Whitney Leigh said...

A kid isn't any different than an animal, except maybe we have thumbs and less hair. But we still expect to be treated with respect. If a dog is abused by something else, it makes the dog hostile, and scared. It makes him withdraw from others. If a dogs in a bad home, it withdraws and feels like it needs to protect itself. With a human, its the same, Cole, growing up protecting himself against his father, still feels anger and resentment towards people in general. You can't just turn off how you feel, and how you were raised. Cole was raised in an angry enviroment, therefore, he's an angry kid. It still, however doesn't mean that anger = violence. Because you can have an angry person (or dog) and it doesn't mean they have ever smashed a kids skull into the side walk... So, what I'm trying to say is, if you are born into an angry family, or grow up in an angry family, your bound to have an anger problem. But it doesn't mean you can't try and control it. (and I totally got off topic, but I think I got my point across (O_o)

Ethan said...

I would agree with everyone else who has said that Cole's actions are inexcusable. He had a rougher childhood than the average person, but that's no excuse. I know people who have had it rough, and they are some of the nicest people I know. You really can't change how other people treat you, but you can change how you treat other people. Cole will have to learn to stop blaming others and realize he is the problem before he can change.

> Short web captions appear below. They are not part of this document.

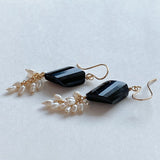 [Exclusively for Mr. N] Black spinel and freshwater pearl earrings 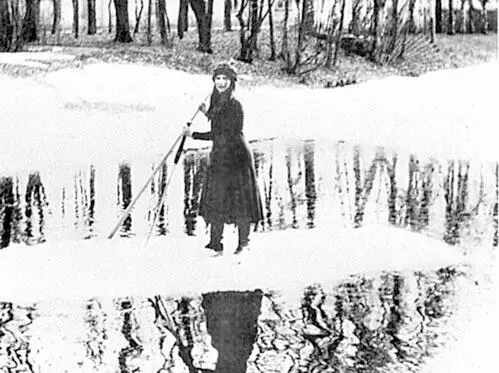 Великая княжна Мария Николаевна на льдине на Детском пруду Время от времени - фото 27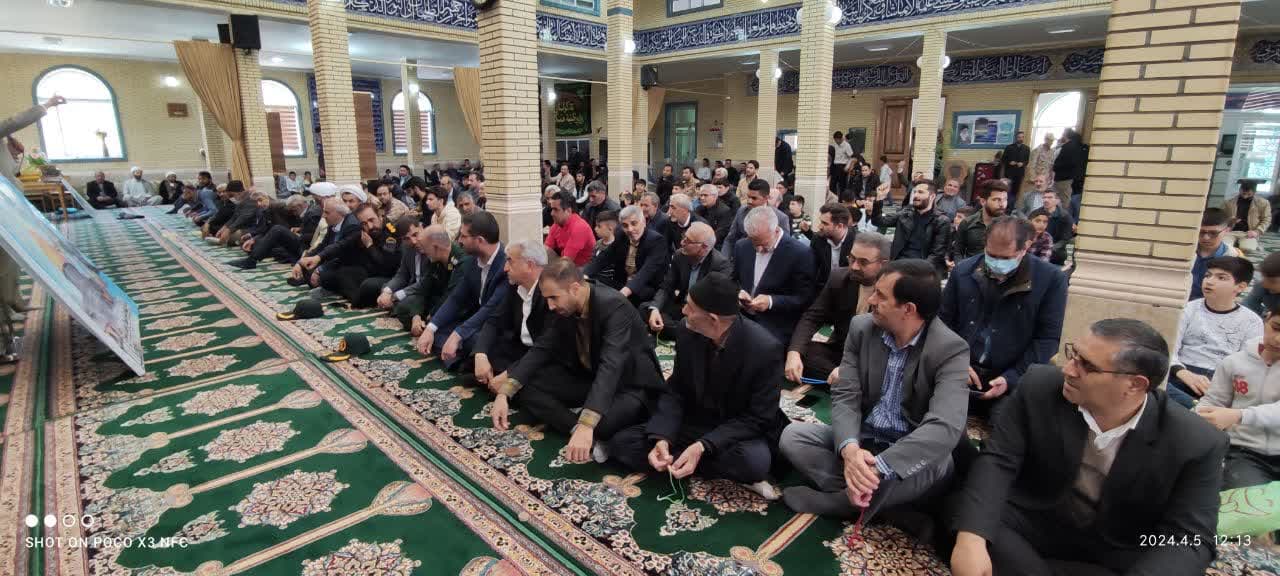 حضور محمد رضا عبداله نژاد فرماندار چالدران در نماز عبادی و سیاسی جمعه به امامت حجت الاسلام والمسلمین محمدزاده امام جمعه شهرستان و حضور پرشور مردم و مسئولین شهرستانی در مسجد جامع برگزار گردید .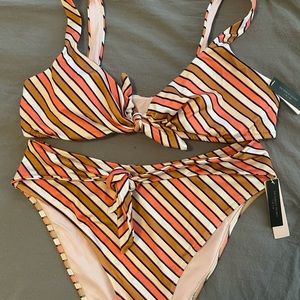 Victoria’s Secret bikini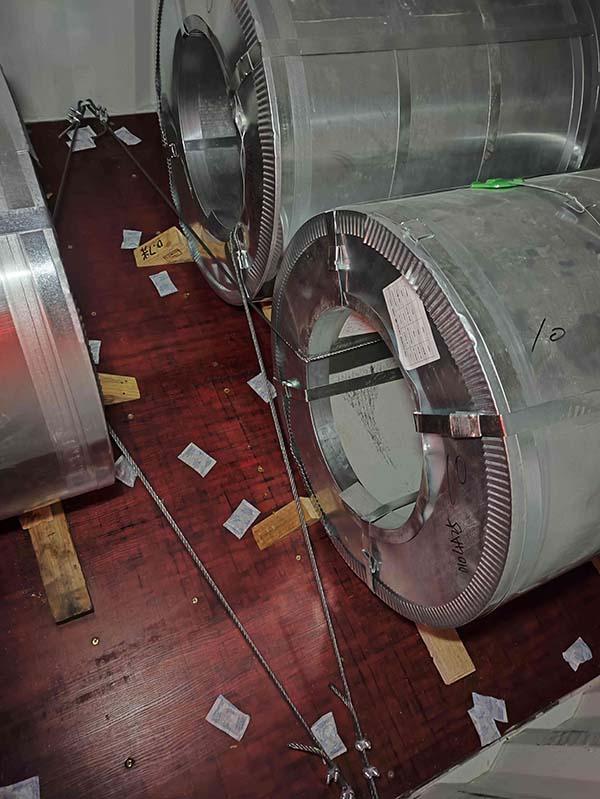 DC51D AZ Hot Rolled Galvalume Steel Coil/GI For Live-stock Shed Chromium-free Passivation 3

P.S. I can think of a person in history who was more mistreated than any other person that ever lived. However, before he died, he asked his Father to forgive the people who did this to him. With that standard set, no one has any excuse for anything they do, no matter what.

alex said...

I think the way a person behaves with Cole's sort of upbringing depends upon the person. Some people could become angry because they had it rough. Then there are some people who may turn it around and try to be different than how they were brought up to be; they may try to learn from their childhood and see it as something they changed for the better. Although this still doesn't excuse Cole's behaviors.

Emily T. said...

I think that there is a big difference between a boy of Cole's age and an animal. Yes, just as a dog who is abused might become timmid or lash out or become violent, a person could easily too. However I think that a person is more intelligent, and can go way farther beyond instinct. A person has the ability to reason and can there for see if they think about it that smashing another kid's head into the ground isn't going to help them, that it is cruel, and placing them on a level closer to the person who abuses them, becaue they are giving someone else the same treatment.

Christine Wright said...

So am I not supposed to post my mini report on my blog?

Anyway... peer response time I guess.

I can understand how Cole feels (not exactly) but human emotions can get out of hand. Sometimes you cannot save yourself, and don't even realize you need to be saved. The farther into the hole you go, the easier it is to accept more bad things happening to you, instead of trying to help yourself. Sometimes even, you don't think you can be helped, or its not worth it. I believe this is how Cole felt. I'm not advocating his actions, because someone would have to be extremely stupid, cocky, or just apathetic to think that he needed no one; especially in the Alaskan wilderness.

Justin H said...

I think there is no reason for Coles actions. He does have a right to be angry and different because of the situation with his parents but there is still no reson to behave in that manner. This somewhat follows the same story line as Oliver Twist. In that book Oliver is orphaned before he is born and has to work at a succession if work camps. All throught the book he is treated poorly yet , he still stays a pleasent child. He does not let his surrounding affect how he lives his life.

Justin H said...

I agree with what ethan said. There are many people through history who had it bad yet they still were somw of the nicest people of the time.